• PROBLEM TO SOLVE: The required output is the exact run of lines below that opens at the line with "Domains Of Darkness" and closes at the line with "MARPE DESCANSO Pocket".

• RAW DATA:

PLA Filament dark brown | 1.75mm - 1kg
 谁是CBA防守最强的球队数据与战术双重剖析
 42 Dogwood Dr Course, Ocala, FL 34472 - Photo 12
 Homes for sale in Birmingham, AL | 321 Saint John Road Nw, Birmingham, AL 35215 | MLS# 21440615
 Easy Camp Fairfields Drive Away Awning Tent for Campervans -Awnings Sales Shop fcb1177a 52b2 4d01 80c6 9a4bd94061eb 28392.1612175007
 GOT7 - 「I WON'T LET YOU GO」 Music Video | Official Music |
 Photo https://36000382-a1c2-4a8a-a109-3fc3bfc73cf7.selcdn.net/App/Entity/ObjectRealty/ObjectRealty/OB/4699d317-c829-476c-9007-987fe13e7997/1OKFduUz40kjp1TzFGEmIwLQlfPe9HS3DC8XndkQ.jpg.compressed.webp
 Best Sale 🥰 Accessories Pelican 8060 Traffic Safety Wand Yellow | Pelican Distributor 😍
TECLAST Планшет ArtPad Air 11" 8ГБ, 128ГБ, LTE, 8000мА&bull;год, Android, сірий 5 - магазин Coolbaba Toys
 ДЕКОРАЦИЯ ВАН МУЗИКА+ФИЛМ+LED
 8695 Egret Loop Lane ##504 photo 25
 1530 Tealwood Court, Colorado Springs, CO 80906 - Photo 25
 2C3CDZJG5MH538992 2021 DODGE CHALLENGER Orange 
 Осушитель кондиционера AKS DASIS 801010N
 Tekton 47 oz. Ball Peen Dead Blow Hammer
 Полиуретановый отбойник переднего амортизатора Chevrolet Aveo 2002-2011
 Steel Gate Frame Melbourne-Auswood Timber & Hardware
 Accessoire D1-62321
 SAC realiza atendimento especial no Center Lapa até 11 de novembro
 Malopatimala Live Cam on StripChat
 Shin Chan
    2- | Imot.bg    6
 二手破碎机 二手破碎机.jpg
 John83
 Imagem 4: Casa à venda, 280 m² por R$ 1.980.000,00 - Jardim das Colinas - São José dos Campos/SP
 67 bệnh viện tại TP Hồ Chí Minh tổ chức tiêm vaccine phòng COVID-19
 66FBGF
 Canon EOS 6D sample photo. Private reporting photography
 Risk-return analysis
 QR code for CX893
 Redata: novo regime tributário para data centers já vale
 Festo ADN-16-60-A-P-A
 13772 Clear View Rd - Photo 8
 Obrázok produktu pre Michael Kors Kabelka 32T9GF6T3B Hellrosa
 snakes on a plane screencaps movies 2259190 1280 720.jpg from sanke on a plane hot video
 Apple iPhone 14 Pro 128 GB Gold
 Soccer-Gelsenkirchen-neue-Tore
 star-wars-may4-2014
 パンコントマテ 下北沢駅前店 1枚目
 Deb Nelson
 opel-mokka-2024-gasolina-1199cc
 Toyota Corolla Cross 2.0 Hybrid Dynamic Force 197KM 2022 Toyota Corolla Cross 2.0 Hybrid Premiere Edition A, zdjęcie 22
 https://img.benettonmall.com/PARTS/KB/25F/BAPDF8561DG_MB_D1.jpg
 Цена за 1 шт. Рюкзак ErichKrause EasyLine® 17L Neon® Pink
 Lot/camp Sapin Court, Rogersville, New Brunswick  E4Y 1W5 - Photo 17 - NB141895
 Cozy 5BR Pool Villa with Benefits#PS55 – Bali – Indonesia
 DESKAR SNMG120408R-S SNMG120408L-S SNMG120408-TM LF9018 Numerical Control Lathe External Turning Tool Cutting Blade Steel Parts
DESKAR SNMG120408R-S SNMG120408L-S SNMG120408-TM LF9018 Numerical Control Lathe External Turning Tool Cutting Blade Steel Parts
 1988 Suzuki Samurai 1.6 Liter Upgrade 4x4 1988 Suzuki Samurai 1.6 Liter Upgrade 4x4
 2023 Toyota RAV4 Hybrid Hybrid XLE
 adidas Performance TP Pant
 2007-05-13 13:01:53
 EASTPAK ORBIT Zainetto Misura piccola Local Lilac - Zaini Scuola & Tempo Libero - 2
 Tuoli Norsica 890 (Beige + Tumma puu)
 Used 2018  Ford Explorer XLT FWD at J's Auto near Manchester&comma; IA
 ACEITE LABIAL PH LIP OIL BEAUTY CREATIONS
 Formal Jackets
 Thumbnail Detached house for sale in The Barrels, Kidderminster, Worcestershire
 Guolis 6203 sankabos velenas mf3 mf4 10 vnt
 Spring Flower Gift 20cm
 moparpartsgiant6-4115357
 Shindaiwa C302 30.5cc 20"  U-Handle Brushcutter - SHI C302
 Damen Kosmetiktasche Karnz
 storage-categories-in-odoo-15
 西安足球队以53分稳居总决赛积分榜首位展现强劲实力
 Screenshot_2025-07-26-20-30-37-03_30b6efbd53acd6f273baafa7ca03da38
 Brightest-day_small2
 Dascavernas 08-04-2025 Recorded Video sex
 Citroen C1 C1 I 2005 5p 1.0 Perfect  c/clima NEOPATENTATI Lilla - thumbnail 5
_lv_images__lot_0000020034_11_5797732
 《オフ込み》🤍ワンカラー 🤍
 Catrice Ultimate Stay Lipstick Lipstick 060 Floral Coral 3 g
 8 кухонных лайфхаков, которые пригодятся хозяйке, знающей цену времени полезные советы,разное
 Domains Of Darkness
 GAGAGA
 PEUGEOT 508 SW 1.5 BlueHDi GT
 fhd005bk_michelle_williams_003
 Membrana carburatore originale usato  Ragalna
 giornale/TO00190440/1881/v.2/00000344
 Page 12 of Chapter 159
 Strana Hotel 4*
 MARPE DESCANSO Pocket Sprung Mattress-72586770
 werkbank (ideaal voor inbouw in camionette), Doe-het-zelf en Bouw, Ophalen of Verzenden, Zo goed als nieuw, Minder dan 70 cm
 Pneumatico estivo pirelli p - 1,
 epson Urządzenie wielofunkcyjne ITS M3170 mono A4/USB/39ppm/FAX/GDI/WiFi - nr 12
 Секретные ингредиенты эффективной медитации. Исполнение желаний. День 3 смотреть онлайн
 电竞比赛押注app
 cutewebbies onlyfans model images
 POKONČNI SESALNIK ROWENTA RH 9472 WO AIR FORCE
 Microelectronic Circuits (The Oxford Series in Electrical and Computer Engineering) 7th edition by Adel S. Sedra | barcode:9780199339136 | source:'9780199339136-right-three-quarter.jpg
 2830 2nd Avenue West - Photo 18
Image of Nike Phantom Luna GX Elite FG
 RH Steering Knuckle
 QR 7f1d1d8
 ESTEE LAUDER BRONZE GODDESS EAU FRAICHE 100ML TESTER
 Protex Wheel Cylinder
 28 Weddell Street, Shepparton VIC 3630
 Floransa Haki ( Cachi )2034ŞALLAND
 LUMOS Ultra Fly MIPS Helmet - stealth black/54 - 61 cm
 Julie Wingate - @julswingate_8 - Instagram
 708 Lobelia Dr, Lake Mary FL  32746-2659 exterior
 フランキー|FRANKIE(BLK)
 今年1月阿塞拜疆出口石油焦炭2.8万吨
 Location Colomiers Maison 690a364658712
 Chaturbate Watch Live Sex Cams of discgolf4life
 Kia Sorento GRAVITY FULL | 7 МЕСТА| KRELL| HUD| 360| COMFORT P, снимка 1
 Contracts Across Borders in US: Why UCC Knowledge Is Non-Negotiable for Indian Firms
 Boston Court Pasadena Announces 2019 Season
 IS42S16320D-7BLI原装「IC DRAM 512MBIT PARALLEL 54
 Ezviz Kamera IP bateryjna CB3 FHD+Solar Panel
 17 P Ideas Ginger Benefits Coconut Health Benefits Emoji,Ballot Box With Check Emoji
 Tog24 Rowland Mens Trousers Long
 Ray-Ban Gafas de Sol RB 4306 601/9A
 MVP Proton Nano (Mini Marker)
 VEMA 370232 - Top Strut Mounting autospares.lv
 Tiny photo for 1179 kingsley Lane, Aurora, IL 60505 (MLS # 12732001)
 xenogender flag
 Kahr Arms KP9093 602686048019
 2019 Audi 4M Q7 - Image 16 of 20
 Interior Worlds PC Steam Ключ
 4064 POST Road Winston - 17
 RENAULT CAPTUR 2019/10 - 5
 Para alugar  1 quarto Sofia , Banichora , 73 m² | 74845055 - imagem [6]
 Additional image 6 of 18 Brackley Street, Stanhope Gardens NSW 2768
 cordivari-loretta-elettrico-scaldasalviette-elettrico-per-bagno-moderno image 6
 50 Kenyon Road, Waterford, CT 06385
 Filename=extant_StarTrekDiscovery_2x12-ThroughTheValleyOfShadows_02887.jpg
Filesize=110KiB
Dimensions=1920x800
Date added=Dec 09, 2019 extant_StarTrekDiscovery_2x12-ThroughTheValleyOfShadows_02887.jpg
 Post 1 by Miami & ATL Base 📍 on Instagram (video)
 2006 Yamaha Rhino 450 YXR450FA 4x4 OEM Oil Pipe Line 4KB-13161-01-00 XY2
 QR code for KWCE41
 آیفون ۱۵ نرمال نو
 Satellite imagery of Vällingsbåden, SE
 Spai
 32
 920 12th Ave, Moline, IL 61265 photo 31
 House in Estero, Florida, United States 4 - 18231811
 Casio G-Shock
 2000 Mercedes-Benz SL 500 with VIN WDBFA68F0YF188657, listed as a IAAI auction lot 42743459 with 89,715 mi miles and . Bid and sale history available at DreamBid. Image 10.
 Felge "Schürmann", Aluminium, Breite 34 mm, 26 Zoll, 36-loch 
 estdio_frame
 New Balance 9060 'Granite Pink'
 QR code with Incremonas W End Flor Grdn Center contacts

• ANSWER:
 Domains Of Darkness
 GAGAGA
 PEUGEOT 508 SW 1.5 BlueHDi GT
 fhd005bk_michelle_williams_003
 Membrana carburatore originale usato  Ragalna
 giornale/TO00190440/1881/v.2/00000344
 Page 12 of Chapter 159
 Strana Hotel 4*
 MARPE DESCANSO Pocket Sprung Mattress-72586770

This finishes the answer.